Владимир Набоков
На чужих берегах. В поисках потерянного рая
Другие берега
Предисловие к русскому изданию
Предлагаемая читателю автобиография обнимает период почти в сорок лет – с первых годов века по май 1940 года, когда автор переселился из Европы в Соединенные Штаты. Ее цель – описать прошлое с предельной точностью и отыскать в нем полнозначные очертания, а именно: развитие и повторение тайных тем в явной судьбе. Я попытался дать Мнемозине не только волю, но и закон.

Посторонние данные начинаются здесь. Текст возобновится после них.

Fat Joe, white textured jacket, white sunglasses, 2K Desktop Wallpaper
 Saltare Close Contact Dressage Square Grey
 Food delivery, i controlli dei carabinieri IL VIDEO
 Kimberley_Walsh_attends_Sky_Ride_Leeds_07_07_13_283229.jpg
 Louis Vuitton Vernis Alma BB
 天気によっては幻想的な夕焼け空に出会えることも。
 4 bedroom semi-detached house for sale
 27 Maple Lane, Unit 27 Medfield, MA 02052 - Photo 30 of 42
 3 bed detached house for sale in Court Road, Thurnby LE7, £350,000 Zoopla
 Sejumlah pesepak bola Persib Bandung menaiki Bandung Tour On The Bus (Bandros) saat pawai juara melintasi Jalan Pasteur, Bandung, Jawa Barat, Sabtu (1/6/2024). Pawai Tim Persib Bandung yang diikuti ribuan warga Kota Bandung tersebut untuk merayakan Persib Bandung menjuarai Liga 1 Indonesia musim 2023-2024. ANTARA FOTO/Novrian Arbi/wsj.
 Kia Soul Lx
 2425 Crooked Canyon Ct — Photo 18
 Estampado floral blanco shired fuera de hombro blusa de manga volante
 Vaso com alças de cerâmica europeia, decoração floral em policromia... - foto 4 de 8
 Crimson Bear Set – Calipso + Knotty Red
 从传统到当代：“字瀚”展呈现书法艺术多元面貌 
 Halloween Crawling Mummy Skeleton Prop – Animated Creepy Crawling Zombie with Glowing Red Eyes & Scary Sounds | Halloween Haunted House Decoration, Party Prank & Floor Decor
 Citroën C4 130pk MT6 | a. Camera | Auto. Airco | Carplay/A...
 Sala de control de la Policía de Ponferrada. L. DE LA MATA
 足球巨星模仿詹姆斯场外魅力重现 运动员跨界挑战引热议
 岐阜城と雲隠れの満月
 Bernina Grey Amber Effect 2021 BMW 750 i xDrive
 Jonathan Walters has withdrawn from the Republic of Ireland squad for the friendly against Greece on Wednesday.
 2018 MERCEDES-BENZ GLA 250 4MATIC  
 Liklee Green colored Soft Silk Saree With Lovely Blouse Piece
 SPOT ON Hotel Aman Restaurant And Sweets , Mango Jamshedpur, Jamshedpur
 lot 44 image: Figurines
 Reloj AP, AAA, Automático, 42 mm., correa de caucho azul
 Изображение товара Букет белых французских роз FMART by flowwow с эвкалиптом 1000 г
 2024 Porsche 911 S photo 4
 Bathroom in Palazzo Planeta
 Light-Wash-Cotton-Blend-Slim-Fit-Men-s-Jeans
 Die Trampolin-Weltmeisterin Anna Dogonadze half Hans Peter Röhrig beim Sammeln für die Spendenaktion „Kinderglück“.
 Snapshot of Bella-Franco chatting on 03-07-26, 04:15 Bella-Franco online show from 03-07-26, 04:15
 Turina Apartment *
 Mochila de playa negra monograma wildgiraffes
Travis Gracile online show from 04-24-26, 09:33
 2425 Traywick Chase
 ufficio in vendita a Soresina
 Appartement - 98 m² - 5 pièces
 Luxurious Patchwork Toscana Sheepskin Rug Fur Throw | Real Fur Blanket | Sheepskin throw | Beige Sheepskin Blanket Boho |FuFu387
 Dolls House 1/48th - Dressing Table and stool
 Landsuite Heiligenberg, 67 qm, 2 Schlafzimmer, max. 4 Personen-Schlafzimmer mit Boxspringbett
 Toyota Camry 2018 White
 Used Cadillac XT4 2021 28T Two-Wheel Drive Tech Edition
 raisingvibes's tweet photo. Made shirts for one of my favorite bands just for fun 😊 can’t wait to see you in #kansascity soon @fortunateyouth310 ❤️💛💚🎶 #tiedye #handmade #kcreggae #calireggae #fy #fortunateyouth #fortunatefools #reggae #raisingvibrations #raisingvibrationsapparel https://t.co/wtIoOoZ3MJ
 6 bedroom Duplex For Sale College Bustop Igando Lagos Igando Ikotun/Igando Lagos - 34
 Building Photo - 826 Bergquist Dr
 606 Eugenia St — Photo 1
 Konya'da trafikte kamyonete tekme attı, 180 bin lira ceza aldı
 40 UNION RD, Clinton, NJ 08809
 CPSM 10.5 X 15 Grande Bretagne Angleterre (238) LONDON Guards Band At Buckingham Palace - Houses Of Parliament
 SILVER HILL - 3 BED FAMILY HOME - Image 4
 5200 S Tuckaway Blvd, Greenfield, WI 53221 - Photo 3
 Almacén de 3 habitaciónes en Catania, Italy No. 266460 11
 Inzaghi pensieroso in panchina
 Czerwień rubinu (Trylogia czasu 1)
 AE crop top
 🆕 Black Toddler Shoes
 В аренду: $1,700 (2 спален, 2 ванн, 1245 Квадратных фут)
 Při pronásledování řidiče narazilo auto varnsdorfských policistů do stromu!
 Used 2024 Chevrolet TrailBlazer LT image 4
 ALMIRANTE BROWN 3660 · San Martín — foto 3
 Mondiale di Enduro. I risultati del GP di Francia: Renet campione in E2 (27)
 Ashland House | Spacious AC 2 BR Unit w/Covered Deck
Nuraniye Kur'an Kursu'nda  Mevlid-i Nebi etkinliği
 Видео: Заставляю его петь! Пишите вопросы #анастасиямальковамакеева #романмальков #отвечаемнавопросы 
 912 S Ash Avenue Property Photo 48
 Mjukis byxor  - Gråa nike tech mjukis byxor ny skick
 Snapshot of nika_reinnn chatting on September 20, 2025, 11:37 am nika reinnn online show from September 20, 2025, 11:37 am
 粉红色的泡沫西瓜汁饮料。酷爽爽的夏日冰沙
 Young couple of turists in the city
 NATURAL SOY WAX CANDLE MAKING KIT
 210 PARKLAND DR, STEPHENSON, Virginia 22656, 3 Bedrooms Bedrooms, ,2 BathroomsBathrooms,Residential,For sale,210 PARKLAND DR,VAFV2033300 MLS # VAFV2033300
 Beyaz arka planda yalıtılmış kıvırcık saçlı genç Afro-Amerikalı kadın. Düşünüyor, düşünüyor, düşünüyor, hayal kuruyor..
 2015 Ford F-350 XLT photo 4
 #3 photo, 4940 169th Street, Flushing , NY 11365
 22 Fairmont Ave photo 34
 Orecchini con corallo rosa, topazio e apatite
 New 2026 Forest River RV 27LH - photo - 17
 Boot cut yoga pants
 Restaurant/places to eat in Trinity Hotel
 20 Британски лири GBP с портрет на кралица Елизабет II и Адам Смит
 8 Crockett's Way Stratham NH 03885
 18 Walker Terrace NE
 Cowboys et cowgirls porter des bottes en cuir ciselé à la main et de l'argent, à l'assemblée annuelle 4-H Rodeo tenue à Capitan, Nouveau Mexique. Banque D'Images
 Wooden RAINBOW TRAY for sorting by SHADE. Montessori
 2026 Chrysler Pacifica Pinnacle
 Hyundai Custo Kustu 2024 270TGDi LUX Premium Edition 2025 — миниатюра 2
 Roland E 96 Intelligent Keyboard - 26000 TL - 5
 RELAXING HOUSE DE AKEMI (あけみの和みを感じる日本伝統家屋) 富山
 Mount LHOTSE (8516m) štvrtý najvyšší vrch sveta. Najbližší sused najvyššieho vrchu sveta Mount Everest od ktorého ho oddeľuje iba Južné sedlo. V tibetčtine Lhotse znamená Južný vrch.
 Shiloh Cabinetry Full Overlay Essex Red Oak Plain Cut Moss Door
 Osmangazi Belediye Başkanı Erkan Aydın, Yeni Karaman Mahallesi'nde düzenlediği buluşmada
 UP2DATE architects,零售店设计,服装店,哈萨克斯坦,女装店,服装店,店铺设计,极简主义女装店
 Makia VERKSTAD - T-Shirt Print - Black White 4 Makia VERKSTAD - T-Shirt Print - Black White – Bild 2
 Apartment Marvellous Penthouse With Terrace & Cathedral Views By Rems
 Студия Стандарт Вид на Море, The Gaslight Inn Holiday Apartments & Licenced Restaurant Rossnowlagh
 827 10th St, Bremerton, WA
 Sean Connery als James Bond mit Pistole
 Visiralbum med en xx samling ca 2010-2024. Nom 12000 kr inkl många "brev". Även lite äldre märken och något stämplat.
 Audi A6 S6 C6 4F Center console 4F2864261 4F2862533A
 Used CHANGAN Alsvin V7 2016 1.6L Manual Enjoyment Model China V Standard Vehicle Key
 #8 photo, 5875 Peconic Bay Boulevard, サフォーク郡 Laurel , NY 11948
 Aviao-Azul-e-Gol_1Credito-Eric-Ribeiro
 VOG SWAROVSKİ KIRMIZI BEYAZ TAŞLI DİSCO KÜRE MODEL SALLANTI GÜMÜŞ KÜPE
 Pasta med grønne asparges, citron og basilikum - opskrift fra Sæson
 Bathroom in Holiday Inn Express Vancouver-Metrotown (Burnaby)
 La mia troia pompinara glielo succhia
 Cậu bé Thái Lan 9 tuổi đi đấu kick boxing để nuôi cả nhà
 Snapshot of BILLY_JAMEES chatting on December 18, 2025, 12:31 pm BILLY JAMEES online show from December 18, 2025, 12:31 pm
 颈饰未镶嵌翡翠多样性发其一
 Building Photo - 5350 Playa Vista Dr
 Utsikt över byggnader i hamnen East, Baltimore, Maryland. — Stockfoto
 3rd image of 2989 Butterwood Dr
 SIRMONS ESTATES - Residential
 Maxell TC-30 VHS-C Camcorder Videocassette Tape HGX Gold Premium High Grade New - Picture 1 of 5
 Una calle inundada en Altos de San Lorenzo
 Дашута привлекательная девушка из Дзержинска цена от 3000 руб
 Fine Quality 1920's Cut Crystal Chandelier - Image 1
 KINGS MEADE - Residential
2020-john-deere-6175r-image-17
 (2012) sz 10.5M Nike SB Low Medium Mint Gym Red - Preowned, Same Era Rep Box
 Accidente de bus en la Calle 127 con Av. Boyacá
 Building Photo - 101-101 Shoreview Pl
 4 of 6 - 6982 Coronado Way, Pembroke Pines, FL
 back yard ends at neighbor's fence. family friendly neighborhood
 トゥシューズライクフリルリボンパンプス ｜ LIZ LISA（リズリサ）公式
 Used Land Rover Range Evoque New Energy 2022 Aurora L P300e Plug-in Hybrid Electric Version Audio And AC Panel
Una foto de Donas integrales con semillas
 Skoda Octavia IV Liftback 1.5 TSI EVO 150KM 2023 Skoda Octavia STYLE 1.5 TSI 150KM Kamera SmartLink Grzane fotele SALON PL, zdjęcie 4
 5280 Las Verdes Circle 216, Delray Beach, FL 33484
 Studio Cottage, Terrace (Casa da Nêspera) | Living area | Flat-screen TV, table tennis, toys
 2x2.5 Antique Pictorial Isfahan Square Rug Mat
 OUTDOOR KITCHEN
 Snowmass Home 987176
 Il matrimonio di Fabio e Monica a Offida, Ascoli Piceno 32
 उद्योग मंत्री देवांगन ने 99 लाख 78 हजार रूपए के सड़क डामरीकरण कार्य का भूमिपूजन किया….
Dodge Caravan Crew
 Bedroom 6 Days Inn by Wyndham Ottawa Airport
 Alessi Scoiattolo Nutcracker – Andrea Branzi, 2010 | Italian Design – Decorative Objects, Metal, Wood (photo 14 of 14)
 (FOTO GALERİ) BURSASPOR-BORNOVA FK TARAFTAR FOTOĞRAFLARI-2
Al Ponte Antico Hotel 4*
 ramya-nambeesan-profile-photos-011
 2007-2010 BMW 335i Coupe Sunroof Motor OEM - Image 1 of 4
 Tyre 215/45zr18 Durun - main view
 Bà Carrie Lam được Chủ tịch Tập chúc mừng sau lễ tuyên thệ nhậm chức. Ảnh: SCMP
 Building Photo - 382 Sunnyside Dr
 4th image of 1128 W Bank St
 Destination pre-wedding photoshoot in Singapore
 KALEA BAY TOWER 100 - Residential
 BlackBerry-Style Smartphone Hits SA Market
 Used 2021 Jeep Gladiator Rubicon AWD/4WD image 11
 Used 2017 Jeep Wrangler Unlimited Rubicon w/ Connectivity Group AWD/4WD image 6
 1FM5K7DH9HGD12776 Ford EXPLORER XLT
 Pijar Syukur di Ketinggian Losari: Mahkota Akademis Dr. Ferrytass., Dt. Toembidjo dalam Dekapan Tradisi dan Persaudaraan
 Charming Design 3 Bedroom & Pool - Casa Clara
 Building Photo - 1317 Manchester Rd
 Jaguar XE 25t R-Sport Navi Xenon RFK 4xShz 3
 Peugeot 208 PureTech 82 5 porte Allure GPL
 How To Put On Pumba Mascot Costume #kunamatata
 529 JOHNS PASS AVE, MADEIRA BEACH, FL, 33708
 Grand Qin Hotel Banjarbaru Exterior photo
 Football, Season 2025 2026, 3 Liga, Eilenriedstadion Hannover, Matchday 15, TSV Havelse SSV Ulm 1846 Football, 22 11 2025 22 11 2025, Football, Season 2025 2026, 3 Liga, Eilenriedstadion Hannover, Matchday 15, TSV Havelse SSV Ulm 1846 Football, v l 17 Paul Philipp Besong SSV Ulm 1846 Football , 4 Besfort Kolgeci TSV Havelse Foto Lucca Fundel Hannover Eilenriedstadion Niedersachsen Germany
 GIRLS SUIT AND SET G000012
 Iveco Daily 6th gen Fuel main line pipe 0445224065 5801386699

Основой и отчасти подлинником этой книги послужило ее американское издание, «Conclusive Evidence»[1]. Совершенно владея с младенчества и английским и французским, я перешел бы для нужд сочинительства с русского на иностранный язык без труда, будь я, скажем, Джозеф Конрад, который, до того, как начал писать по-английски, никакого следа в родной (польской) литературе не оставил, а на избранном языке (английском) искусно пользовался готовыми формулами. Когда, в 1940 году, я решил перейти на английский язык, беда моя заключалась в том, что перед тем, в течение пятнадцати с лишком лет, я писал по-русски и за эти годы наложил собственный отпечаток на свое орудие, на своего посредника. Переходя на другой язык, я отказывался таким образом не от языка Аввакума, Пушкина, Толстого – или Иванова, няни, русской публицистики – словом, не от общего языка, а от индивидуального, кровного наречия. Долголетняя привычка выражаться по-своему не позволяла довольствоваться на новоизбранном языке трафаретами, – и чудовищные трудности предстоявшего перевоплощения, и ужас расставанья с живым, ручным существом ввергли меня сначала в состояние, о котором нет надобности распространяться; скажу только, что ни один стоящий на определенном уровне писатель его не испытывал до меня.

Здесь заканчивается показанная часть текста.